# Recurve center and end serving recommendations?



## bernardinifan (Dec 12, 2010)

many recurve shooter use .19 halo for both the end and center serving. You could use .14 halo for the end but it is not necessary. Also some people are serving their loop with the string material itself. It make your bow quieter but you cant strech your string before serving because the material will slip under your loop.


----------



## dwagoner (Sep 27, 2007)

i do have a tied tag ends D97 on my recurve ive used this summer for bowfishing, its holding very well with the 50lb bow, you could tie ends with that 35lb for sure and have it last. i did start with some halo for center serving and liked alot but i needed larger diameter with bowfishing arrows, i do like the halo for center. ends theres no reason you cant use 3D and not have the higher priced halo, yeah its not alot of serving on the curve strings for sure. cant say for sure what center would be best fit for 14 strand sorry


----------



## Johndburk (Apr 29, 2011)

By tied tag ends, do you mean you tied the ends of the string material, and do these tied tag ends wind up under the end serving?
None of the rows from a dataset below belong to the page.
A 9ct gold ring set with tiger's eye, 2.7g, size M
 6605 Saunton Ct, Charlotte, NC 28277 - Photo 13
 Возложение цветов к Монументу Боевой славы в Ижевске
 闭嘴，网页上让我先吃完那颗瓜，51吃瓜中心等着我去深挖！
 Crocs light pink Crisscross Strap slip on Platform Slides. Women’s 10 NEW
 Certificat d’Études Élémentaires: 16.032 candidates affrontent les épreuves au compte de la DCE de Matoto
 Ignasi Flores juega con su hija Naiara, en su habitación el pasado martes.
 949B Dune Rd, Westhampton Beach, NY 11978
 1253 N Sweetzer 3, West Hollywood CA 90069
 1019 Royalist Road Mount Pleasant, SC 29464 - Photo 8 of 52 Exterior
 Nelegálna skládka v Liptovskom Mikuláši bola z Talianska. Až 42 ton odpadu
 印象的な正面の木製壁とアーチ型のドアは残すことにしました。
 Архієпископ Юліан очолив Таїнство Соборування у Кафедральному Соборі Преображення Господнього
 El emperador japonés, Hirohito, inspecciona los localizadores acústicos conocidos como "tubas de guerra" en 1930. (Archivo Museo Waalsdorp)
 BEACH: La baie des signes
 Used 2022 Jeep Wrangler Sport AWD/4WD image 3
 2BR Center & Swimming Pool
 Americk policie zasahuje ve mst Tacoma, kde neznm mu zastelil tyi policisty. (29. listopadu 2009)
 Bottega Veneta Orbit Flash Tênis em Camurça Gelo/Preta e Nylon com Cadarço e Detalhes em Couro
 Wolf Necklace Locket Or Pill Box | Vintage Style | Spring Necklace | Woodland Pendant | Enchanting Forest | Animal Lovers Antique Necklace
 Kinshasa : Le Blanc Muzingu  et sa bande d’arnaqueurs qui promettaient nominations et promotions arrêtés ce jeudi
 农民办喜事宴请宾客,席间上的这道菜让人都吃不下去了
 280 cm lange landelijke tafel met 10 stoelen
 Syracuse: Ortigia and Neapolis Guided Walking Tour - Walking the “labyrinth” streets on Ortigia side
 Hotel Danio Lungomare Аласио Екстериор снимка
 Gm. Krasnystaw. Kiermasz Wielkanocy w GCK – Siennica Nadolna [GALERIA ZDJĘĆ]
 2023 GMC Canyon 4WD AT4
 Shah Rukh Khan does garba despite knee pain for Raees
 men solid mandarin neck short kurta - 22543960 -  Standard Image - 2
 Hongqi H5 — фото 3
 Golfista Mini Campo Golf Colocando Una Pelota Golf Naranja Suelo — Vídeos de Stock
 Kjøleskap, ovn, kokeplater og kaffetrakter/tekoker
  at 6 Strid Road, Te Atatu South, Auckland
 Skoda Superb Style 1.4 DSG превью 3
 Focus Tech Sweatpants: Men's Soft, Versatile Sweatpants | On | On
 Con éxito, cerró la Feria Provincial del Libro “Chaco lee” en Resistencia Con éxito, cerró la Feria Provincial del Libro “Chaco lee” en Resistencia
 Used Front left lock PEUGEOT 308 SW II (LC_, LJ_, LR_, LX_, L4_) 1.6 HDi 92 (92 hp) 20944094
Are they tied with a whip stitch?

Think I saw something like this on bOw_bender's "how-to" videos on his website at www.nwspinner.com


----------



## DK Lieu (Apr 6, 2011)

I use Angel Majesty for both the center and the ends. It's more expensive than other materials, but I've had very few problems with it. Also, my biggest investment in string-making is my time, so the cost of the material doesn't matter that much to me. My servings typically outlast the string itself.


----------



## Johndburk (Apr 29, 2011)

Do you use the same size serving material for both end and center servings, or do you have 2 different spools of the Majesty serving?


----------



## DK Lieu (Apr 6, 2011)

I have two Beiter serving jigs. One jig is always loaded with 0.018" Angle Majesty serving, which is what I usually use for the end servings. The other jig I use for the center serving, which can be 0.015", 0.018", or 0.021" Angel Majesty serving, depending on the nock fit I need. You can get by with a single jig, if you don't mind changing out the spools.


----------



## Johndburk (Apr 29, 2011)

Thanks for the info, it's very helpful and always welcome. 

When I do shell out for a string server, I might give an Emerald serving tool a try. It looks pretty straight-forward to swap out spools, and the comments I've read on it seem pretty favorable. Anyone have any direct experience with this serving jig?

http://www.nwspinner.com/index.php/emeraldmenu


----------



## ex-wolverine (Dec 31, 2004)

DK Lieu said:


> I use Angel Majesty for both the center and the ends. It's more expensive than other materials, but I've had very few problems with it. Also, my biggest investment in string-making is my time, so the cost of the material doesn't matter that much to me. My servings typically outlast the string itself.


That majesty is magical stuff....wish it was a little less expensive....but its money well spent

Sent from my DROIDX using Tapatalk


----------